Simran Rastogi Updated: April 28, 2021, 11:31 AM IST

There's a new Lotus sports car coming on July 6th, one that we know was to be the last Lotus powered by an internal combustion engine, set to replace the Elise, Exige and Evora in the Lotus line-up. We also finally know that the Type 131, as it was known internally, will be christened the Lotus Emira. It'll ride on a new aluminium-intensive chassis, one of four new platforms that Lotus plans as part of its transformational Vision80 programme going forward.

Not much else is known but Lotus does say that it will feature two powertrains, including a new option born out of a new partnership and will be "highly efficient, use cutting edge technology and be tuned to help deliver that distinctive Lotus experience." Lotus has so far used four- and six-cylinder petrol engines from Toyota, and has confirmed one of the engine choices will in fact be a Toyota-sourced V6, with the new engine option likely to be a four-cylinder from a well-known engine supplier, perhaps AMG, and it'll be non-exclusive to Lotus. Styling has been inspired by the fearsome 2,000PS Lotus Evija all-electric hypercar, and the Emira will likely be Evora-sized, currently the largest of the three models on sale. 

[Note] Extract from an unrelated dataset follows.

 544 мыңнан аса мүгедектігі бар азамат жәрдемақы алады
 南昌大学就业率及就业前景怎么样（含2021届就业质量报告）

Coming back to the platforms, which will be unique to Lotus within the Geely Group, but available for use via Lotus' engineering consultancy arm. First up, the Lotus Emira itself, which will be built on the Sports car architecture, internally referred to as 'Elemental', featuring the Lotus signature aluminium-extrusion build, it's said that every dimension is different to the current Lotus platform. The next is the 'Extreme' Hypercar architecture, on which the Evija is based, a bespoke carbon fibre monocoque chassis. 

Breaking new ground will be the 'Evolution' Premium architecture, that will underpin new lifestyle vehicles from Lotus, likely an all-electric SUV to begin with, and has been developed by Lotus in the UK, in collaboration with teams from China, Sweden and Germany - pointing to inputs from Volvo, another Geely-owned company. Last, and most exciting, is the electric sports car architecture ('E-sports') born out of a partnership with Alpine, a flexible and modular platform for both Lotus and Alpine to use. Lotus is targeting a near ICE-vehicle weight, and signature Lotus handling with this platform, so exciting performance and agility should be a given.